Senior Bojames Weatherston said he started skating at a young age because he thought he would enjoy it.

“I started skating in third grade,” Weatherston said. “I just thought it would be fun.”

Weatherston said he can do a number of tricks.

Kickflips, a trick where the rider maneuvers the board with their feet during a jump, making it spin sideways 360-degrees, heelflips, where the rider manipulates the board with their front heel during a jump making it do a sideways rotation and tre flips, where the rider lifts the board off the ground and does a 360-degree turn while it also flips are popular tricks done on a skateboard.

“I can kickflip, heelflip, tre every once in a while,” Weatherston said.

Senior James Bibbens said he also started skating at a young age.

“[I started skating] probably about fourth grade,” Bibbens said. “I started seeing the older kids do it so I wanted to try it myself.”

Bibbens said he enjoys skating because of the feeling it gives him.

“It kind of makes you feel free,” Bibbens said. “When you’re just walking you’re not really flowing. When you’re on a board, you’re flowing.”

Weatherston said he also enjoys the feeling skateboarding gives him.

“It’s a really big adrenaline rush. I love it,” Weatherston said.

Senior Justin Gerhardt said he started skating at a young age because his friends had become involved in it.

“[I started skating] in fourth grade because all my friends were doing it and it seemed like the coolest thing to do,” Gerhardt said.

Gerhardt said he enjoys the sport for the sense of accomplishment it gives him.

“I like skating because it’s awesome landing that hard trick that you’ve been trying to learn,” Gerhardt said.

Gerhardt said it is very enjoyable, especially if one is talented in the activity.

“You get like a rush and it’s fun. If you’re good at it, it’s really fun,” Gerhardt said.

Weatherston said it was difficult at first.

“It’s always a struggle in the beginning, but you will get better as you go,” Weatherston said.

Bibbens also said it was not easy in the beginning.

“If you quit out you’re not going to get any better so you just keep trying,” Bibbens said.

Weatherston, Bibbens and Gerhardt said they like skating in the Mingus Park Skate Park and also riding “street” around town.

Gerhardt said some younger kids are also getting into the sport.

“A lot of freshmen have started to skate lately but they’re not very good yet,” Gerhardt said. “It just takes practice.”

The Mingus Park Skate Park was built in 2009 and is constantly filled with skaters of all ages and people riding similar devices like scooters, BMX bikes and occasionally roller blades.

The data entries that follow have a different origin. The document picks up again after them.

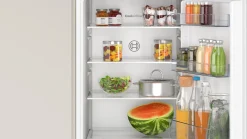 Serie 2 Inbouw koelkast 102.1 x 54.1 cm Sleepdeur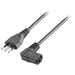 6ES79001EA000XA0 by Siemens - SIMATIC S5,SUPPLY CABLE,ANGLED,3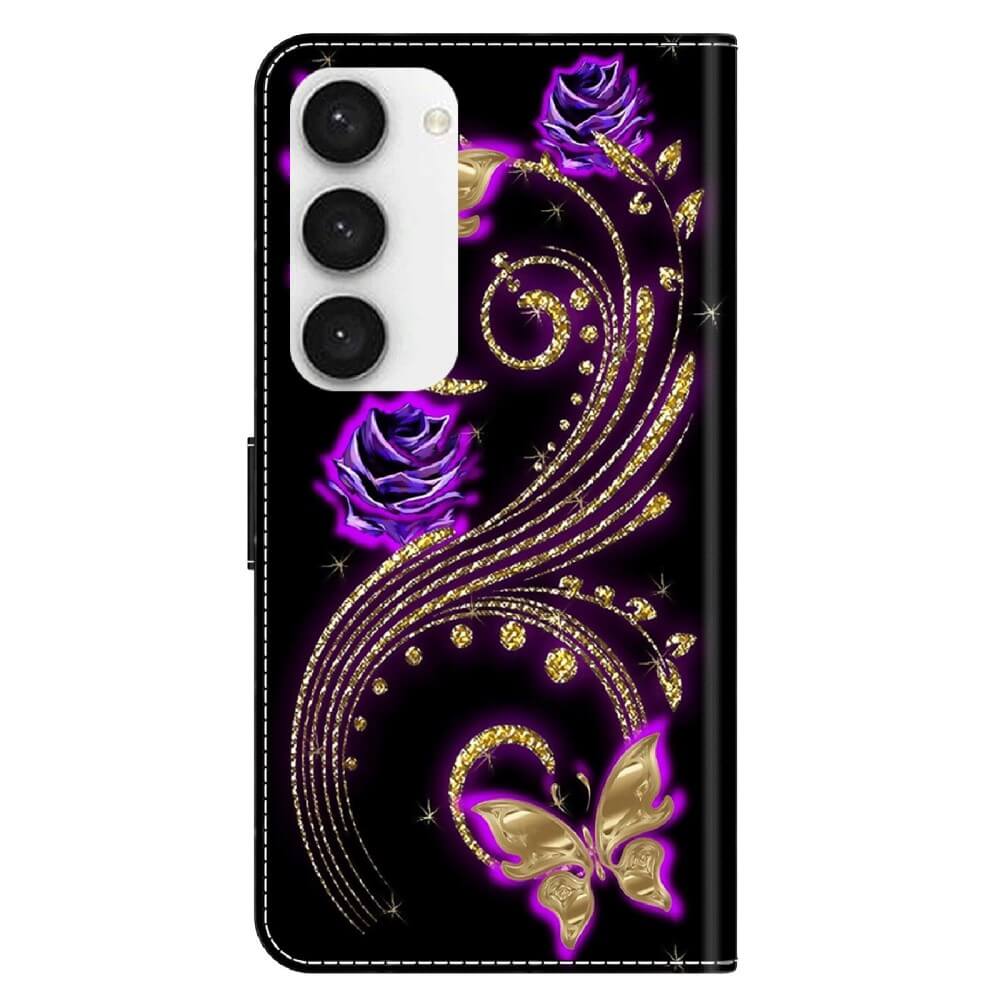 Galaxy S23 Fe - Effet 3D Etui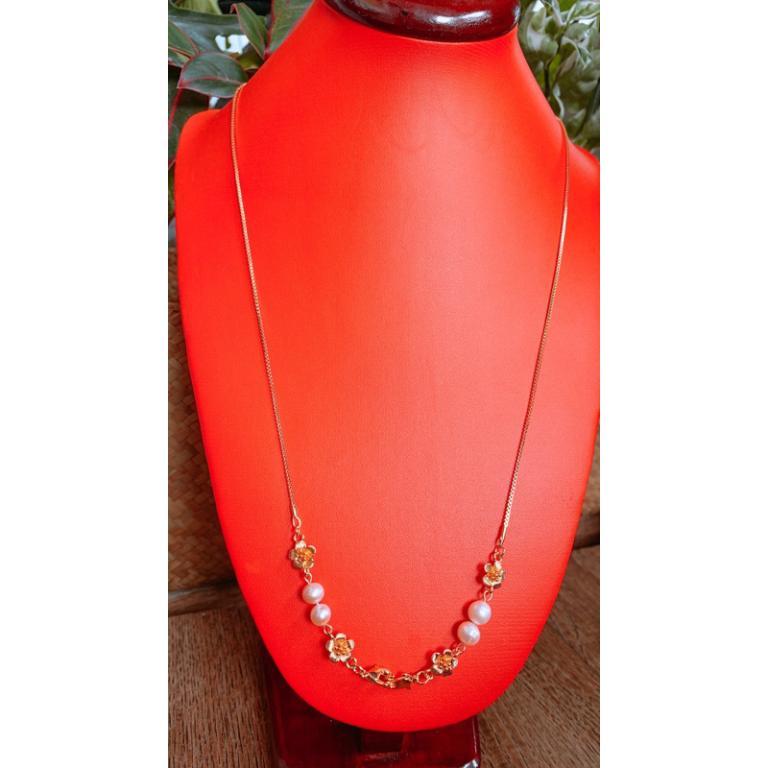 TWO-FUNCTION MASK NECKLACE AND STRAP in Kuala Lumpur - Image 1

According to orcities.org, the Coos Bay Ordinance on skating states nobody is allowed to ride a skateboard on any street, other than a recreational street, except while crossing at a designated crosswalk, ride in the downtown area or on any parking lot, ride in a reckless manner, and must yield right-of-way to any pedestrian or motorized vehicle.

Punishments for violations of these laws include impoundment of the board, minimum fines of $50 up to $500 for first conviction for a violation and enhanced penalties for subsequent convictions.

However, despite the laws and restrictions implemented on the activity, some will not let their passion for the sport be restricted.

Bibbens, Gerhardt, and Weatherston said they will ride until they die.

“I plan on skating until I have a gray beard,” Weatherston said.